The silence in the title ostensibly refers to the silence of God as Rodrigues and others endure their pain. But there’s another kind of silence near the film’s end – the silence of the priests who give up their devotion to God. And yet, in the final haunting image of the film, we see how in their silence, there is a kind of prayer all its own.

There is a character, Kichijiro (Yôsuke Kubozuka), who lies, betrays and watches his own family murdered while he rejects his faith and still lives. It’s an ongoing joke in the film that he constantly wants to confess to Rodrigues after he’s yet again done something wrong (in one instance, betraying Rodrigues and leading him to the Inquisitor).

But near the end, once all of the priests in Japan have renounced their faith and Christianity is spoken of no more, he is the only one to mention Christ to Rodrigues. Despite his constant wavering of faith, Kichijiro, in a way, brings Rodrigues’s awareness back to Christ.

And there is another question. Who is the nobler sufferer? The one who refuses to abandon his faith, or the sinner who apostatizes, again and again, and yet seeks forgiveness and continues to believe despite his sins?
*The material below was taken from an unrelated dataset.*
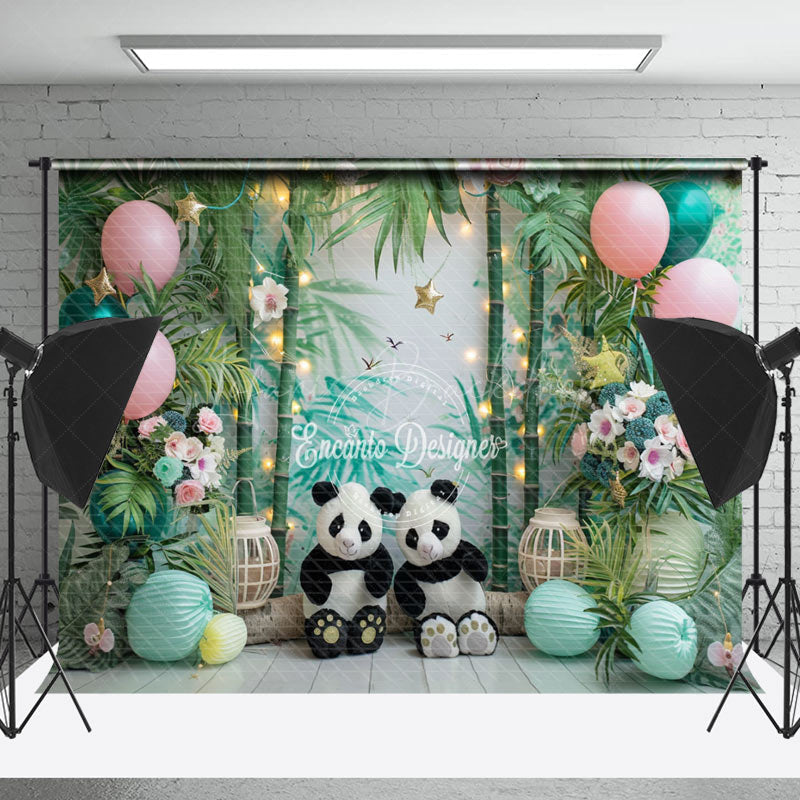 Lofaris Panda Bamboo Forest Balloons Cake Smash Backdrop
Silence is a monumental achievement – the best film of the year.

2. Manchester by the Sea (Kenneth Lonergan)

Kenneth Lonergan’s follow-up to Margaret (2011), one of the greatest and most unheralded films of this decade, was always going to be one of my new favorite movies. But Manchester by the Sea overwhelmed me beyond my expectations with its raw power and heartfelt exploration of grief. There’s a sequence midway through this movie that goes down as one of the most powerful pieces of cinema I’ve ever seen.

I also really responded to the film’s lead character, Lee Chandler (Casey Affleck) – someone who, by his own admission, can’t beat his depression. He’s so disturbed and haunted by his past that, try as he might to be an outgoing person, ultimately he can’t fight against it.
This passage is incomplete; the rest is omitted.